* _ABOUT THIS EXERCISE_
Go to the line containing "Whittling Kit Unbranded" below; retype it and all following lines exactly, and leave out the pictures.

* _RAW DATA_
+ + + +

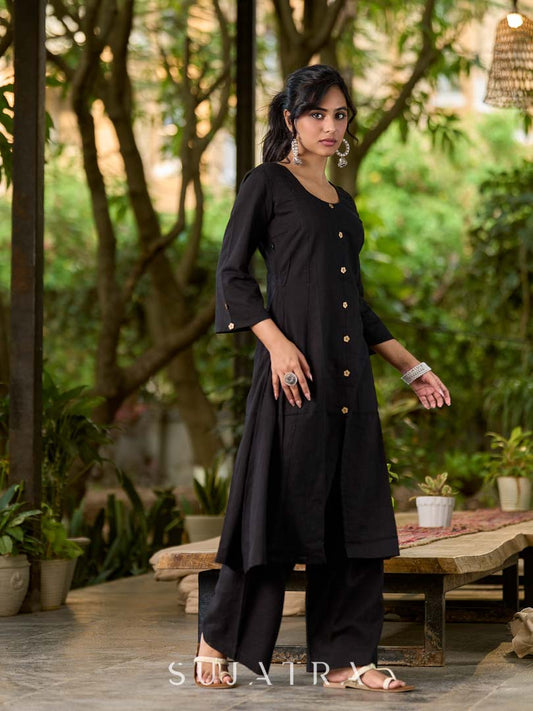 Refined Black Cotton Kurta with Soft Structured Fit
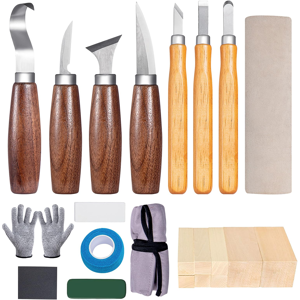 Unbranded Wood Carving Tool Set 24pcs Complete Wood Whittling Kit Unbranded Wood Carving Tool Set 24pcs Complete Wood Whittling Kit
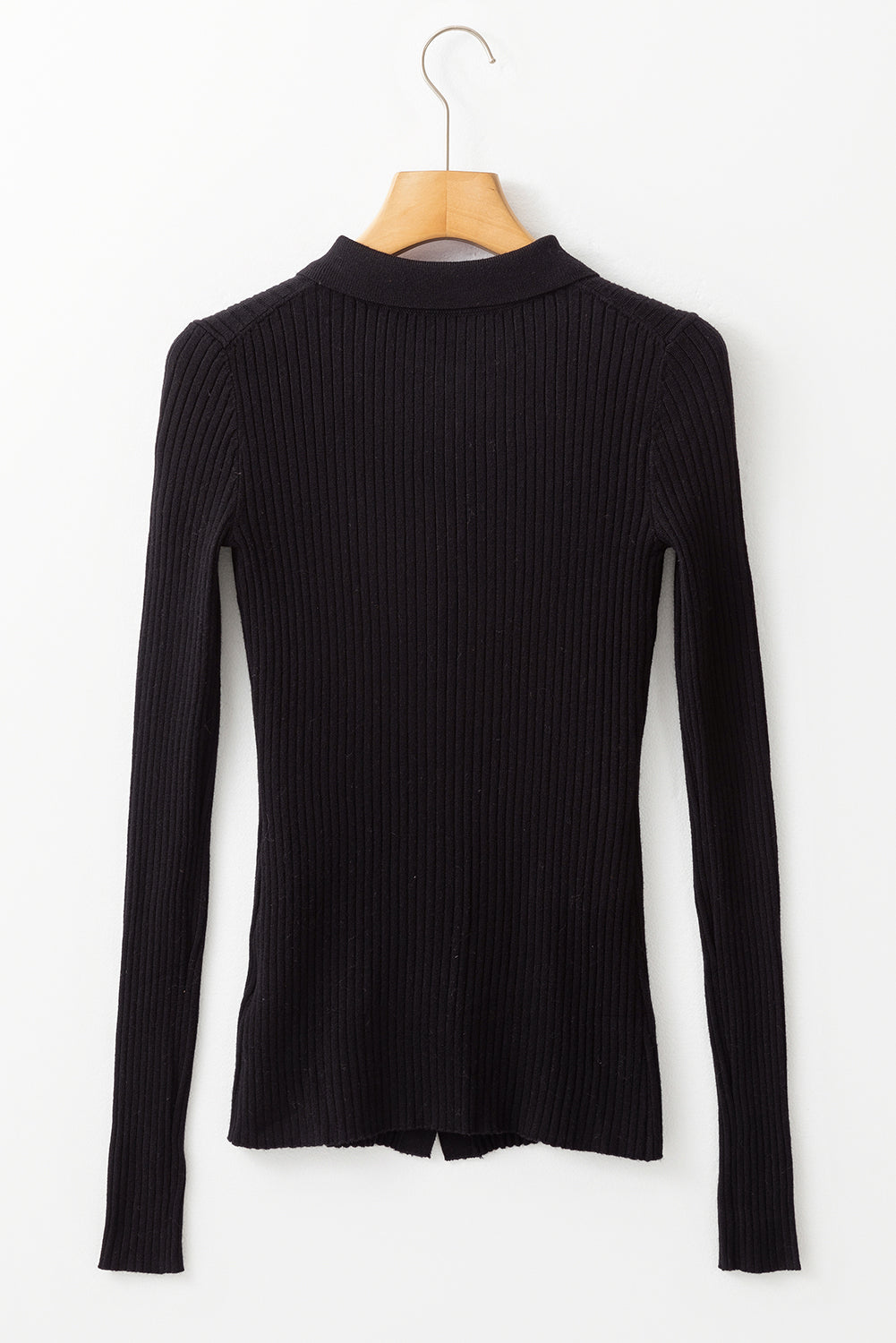 Ribbed Collared Slim Fit Sweater Cardigan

+ + + +

* _EXERCISE RESULT_
 Unbranded Wood Carving Tool Set 24pcs Complete Wood Whittling Kit Unbranded Wood Carving Tool Set 24pcs Complete Wood Whittling Kit
 Ribbed Collared Slim Fit Sweater Cardigan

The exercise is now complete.